Derrick Levon Platt appeals the district courts order granting partial relief on his motion filed pursuant to Section 404 of the First Step Act of 2018, Pub. L. No. 115-391, 132 Stat. 5194. We vacate the district courts order and remand for reconsideration in light of United States v. Collington, 995 F.3d 347 (4th Cir. 2021), and United States v. Lancaster, 997 F.3d 171 (4th Cir. 2021).
We previously held in United States v. Chambers that, “when imposing a new sentence” under the First Step Act, “a court does not simply adjust the statutory minimum; it must also recalculate the [Sentencing] Guidelines range.” 956 F.3d 667, 672 (4th Cir. 2020) (internal quotation marks omitted). Furthermore, “any Guidelines error deemed retroactive ․ must be corrected in a First Step Act resentencing.” Id. at 668. We also held that “the [18 U.S.C.] § 3553(a) sentencing factors apply in the § 404(b) resentencing context,” and a court “may consider post-sentencing conduct” in determining whether to exercise its discretion to reduce a sentence. Id. at 674. Additionally, “the First Step Act does not constrain courts from recognizing Guidelines errors,” id. at 668, or “preclude the court from applying intervening case law,” id. at 672, in making its discretionary determination. The district court correctly applied Chambers and considered the § 3553(a) factors and Platts postsentencing conduct.
After Chambers, in Collington, we clarified three steps a district court must take when considering a request for relief under Section 404: (1) “district courts must accurately recalculate the Guidelines sentence range,” (2) “district courts must correct original Guidelines errors and apply intervening case law made retroactive to the original sentence,” and (3) “the court must consider the § 3553(a) factors to determine what sentence is appropriate.” 995 F.3d at 355. We further explained that “when a court exercises discretion to reduce a sentence, the imposition of the reduced sentence must be procedurally and substantively reasonable.” Id. at 358. Thus, a district court must “consider a defendants arguments, give individual consideration to the defendants characteristics in light of the § 3553(a) factors, determine—following the Fair Sentencing Act—whether a given sentence remains appropriate in light of those factors, and adequately explain that decision.” Id. at 360.
We provided further guidance to district courts in Lancaster. We explained that a district “court must engage in a brief analysis that involves the recalculation of the Sentencing Guidelines in light of intervening case law.” 997 F.3d at 175 (internal quotation marks omitted). This requires a district court to correct Guidelines errors based on non-retroactive changes in the law. Id. at 176. We cautioned, however, that this “analysis is not intended to be a complete or new relitigation of Guidelines issues or the § 3553(a) factors.” Id. Like the defendant in Lancaster, Platt no longer qualifies as a career offender in light of our decision in United States v. Norman, 935 F.3d 232, 237-39 (4th Cir. 2019). Thus, after Norman, “the district court was left ․ with gaps that needed to be filled to calculate an appropriate Guidelines range.” Lancaster, 997 F.3d at 176.
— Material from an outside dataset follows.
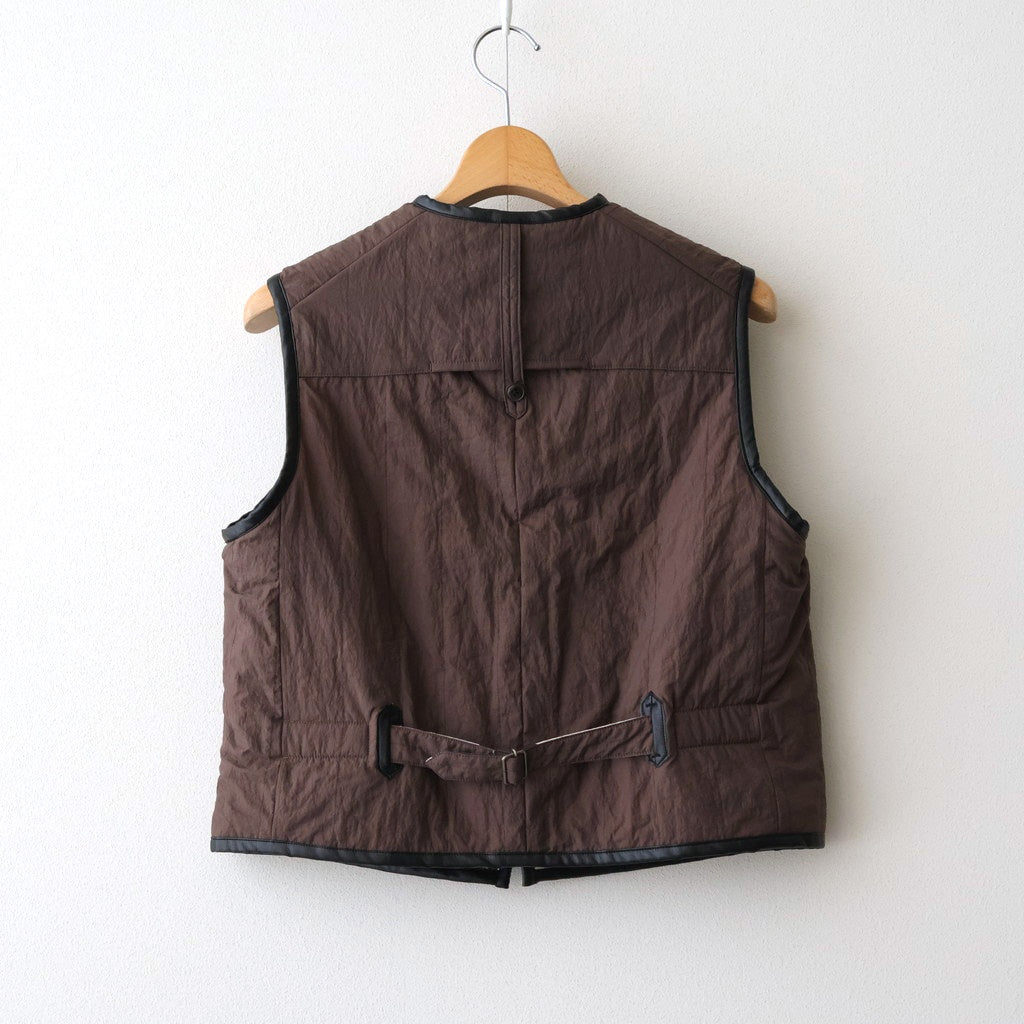 Reversible uniform vest #Off white [252702]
Because the district court did not have the benefit of our decisions in Collington and Lancaster, we vacate the district courts order and remand for reconsideration. By this disposition, we express no view on the ultimate merits of Platts motion. We dispense with oral argument because the facts and legal contentions are adequately presented in the materials before this court and argument would not aid the decisional process.
VACATED AND REMANDED
PER CURIAM:
Vacated and remanded by unpublished per curiam opinion.
Unpublished opinions are not binding precedent in this circuit.